In Nepal there are more than 60 ethnic groups, and this means that there are up to nine dates, and consequently nine different celebrations, of the New Year. The main one is that of Nava Varsha (Nepali New Year), which corresponds to the Bikram Sambat (official Nepalese calendar) which has its origin in the Hindu calendar. This year will be celebrated on April 14, the date when will begin the year 2077.
As the Buddhists, and the Sherpas among them, follow the Tibetan calendar, they celebrate Losar, which means New Year in the Sherpa language. And to make it a little more difficult for Westerners to understand, they have two dates for this celebration, albeit with identical duration and rituals.
The first is Sonam Losar, which is celebrated on the first day of the last month (Gyal) of the Tibetan calendar, which was this year on January 25. This is the date when Sherpas in the agricultural area are used to celebrating it, since in many places agricultural work begins in February.
The second date is that of Gyalpo Losar, which is celebrated on the first day of the first month (Chu) of the Tibetan calendar, and this year was on February 24, which marked the beginning of the year 2147, designated as the year of the iron rat.
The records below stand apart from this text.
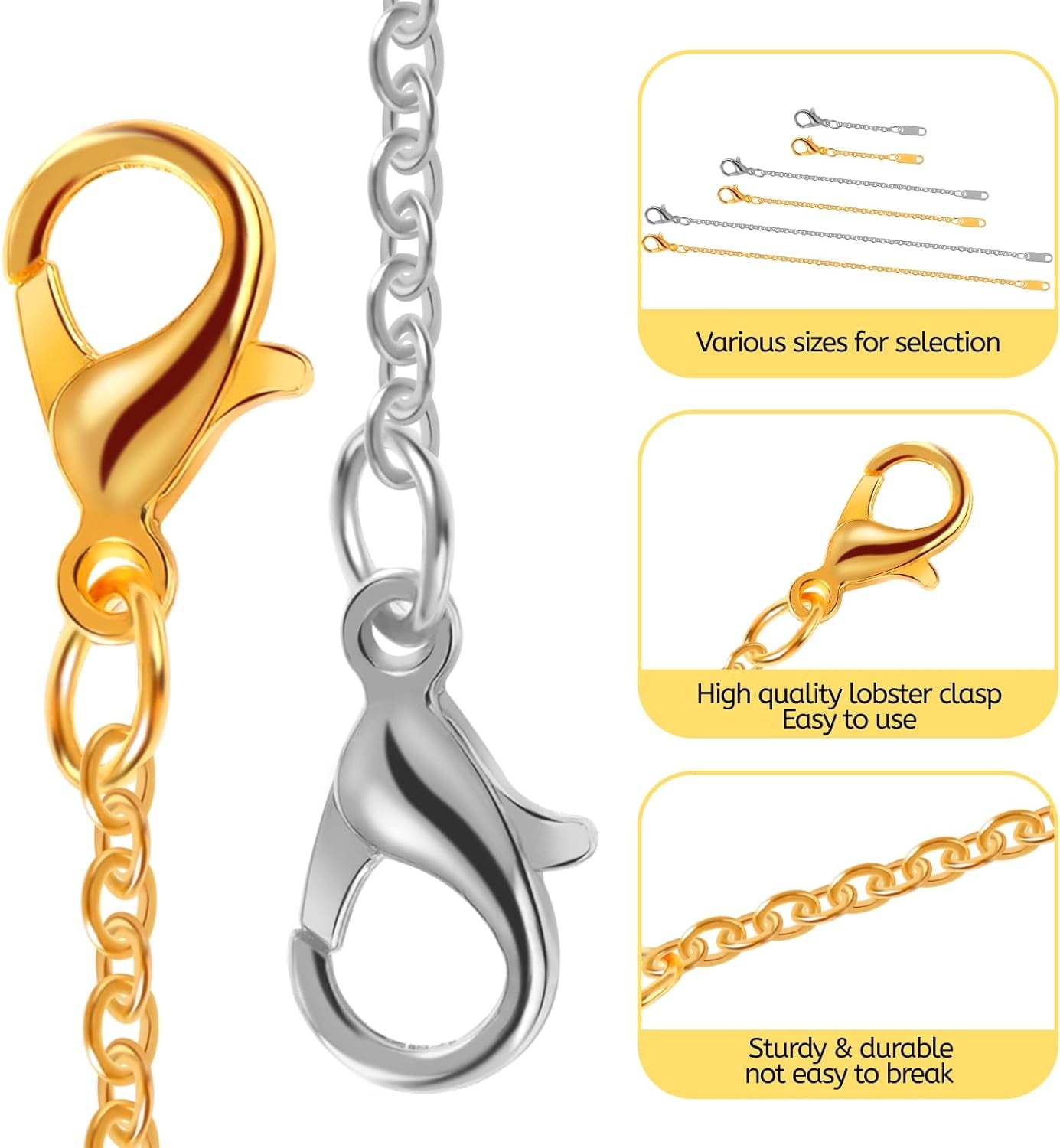 30Pcs Gold Plated and Silver Plated Necklace Extender for 2'', 4'', 6'' Necklace Extender Set for Necklaces, Bracelets, Women'S Jewelry Making Respectively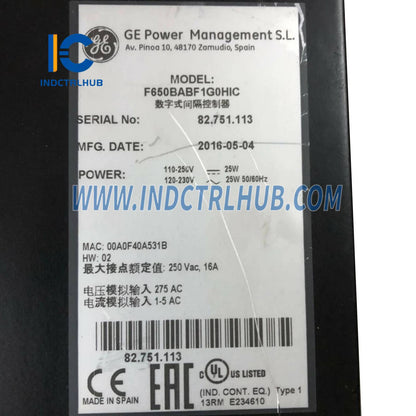 GE F650BABF1G0HIC Digital Bay Controller/Feeder Protection Relay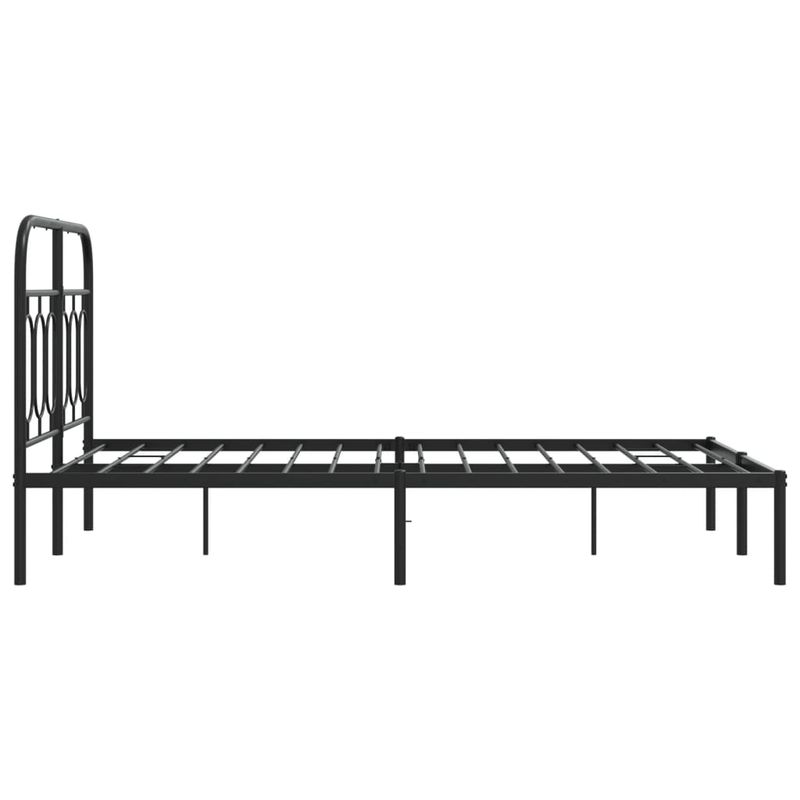 Casa si Gradina - Mobilier - Paturi si accesorii - Paturi - Cadru de pat metalic cu tablie, negru, 120x200 cm - Infinity.ro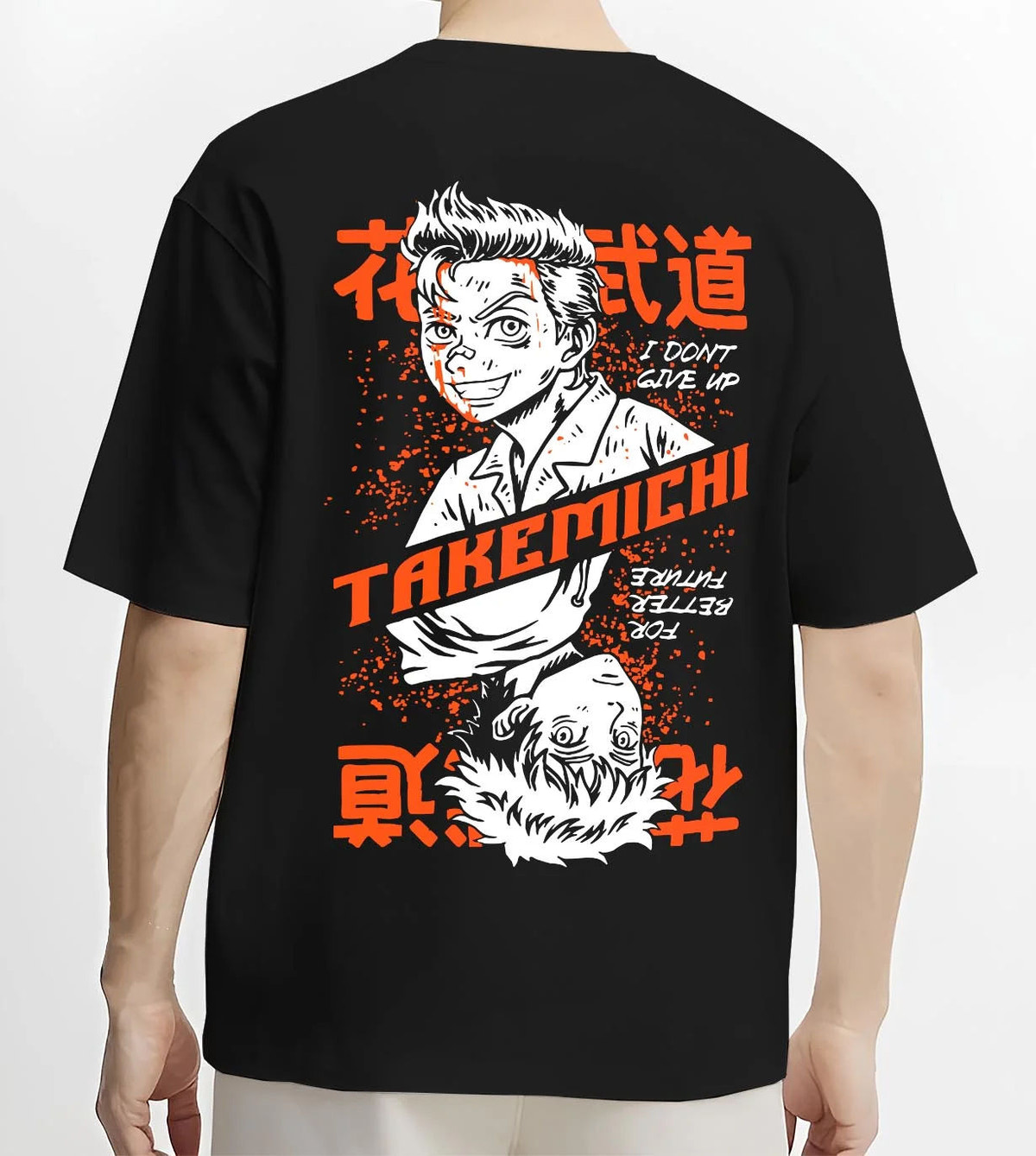 Black T-shirt worn by male model from the back featuring Baji Keisuke Tokyo Revengers street manga artwork.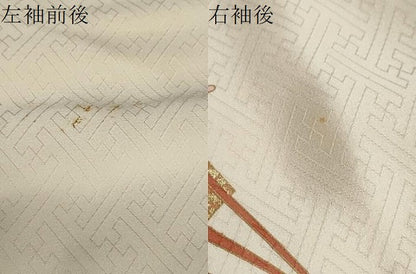 平和屋着物●訪問着　刺繍　扇面草花文　暈し染め　金彩　正絹　逸品　DAAZ7015ud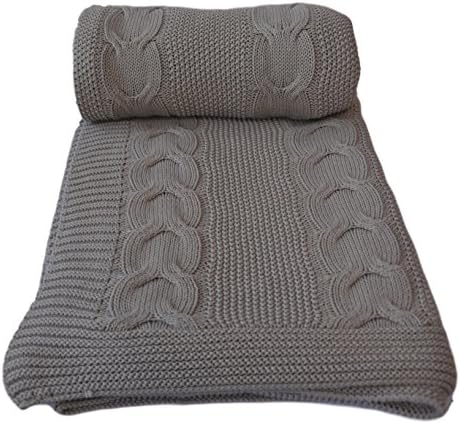 Aztocratic Xochitl Beige 100% Cotton Knitted Throw, Premium Knit Crochet Sweater Texture, Stylish Look Throw For Sofa/Bed or Couch, Throws with Soft and Cozy Feel, Ideal for All Year Round Use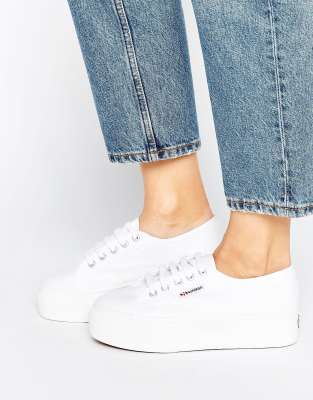 Superga - 2790 - Weiße Flatform-Sneaker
This is the date especially celebrated by religious people, officials and people employed in the services and industry, as well as the many Sherpas who live or spend the winter in Kathmandu.
From a Western perspective, it seems a little strange to celebrate the same event based on the same calendar, in two different dates. But there is also a feeling among Sherpas communities that it should be unified on a single date.
In mid-February, I had just returned to the Khumbu to begin the second period of my project, and this allowed me to keep a close eye on the Gyalpo Losar celebrations in Namche, which is the only village in the Khumbu area to celebrate it in these dates. The other villages had already celebrated it by the end of January.
AND HOW DO THEY CELEBRATE THE ARRIVAL OF THE NEW YEAR?
The celebration lasts 3 days. On the first day the families do a thorough cleaning of the whole house. It is the day to clean the soot that has accumulated on the ceiling throughout the year as a result of fires with firewood or yak dung, and the bad or non-existing evacuation of smoke. Today this has greatly diminished due to the progressive replacement of firewood and excrement by electricity or gas cylinders. However, the tradition is preserved and used for general cleaning. Garbage, inside bags , is taken out of the house and deposited at the closest intersection of streets or trails nearby the house, where they are collected by the garbage collection staff, who nowadays operate almost in every village (see post 4 – Keep the Khumbu clean! http://sherpalifeproject.com/maintain-el-khumbu-net/).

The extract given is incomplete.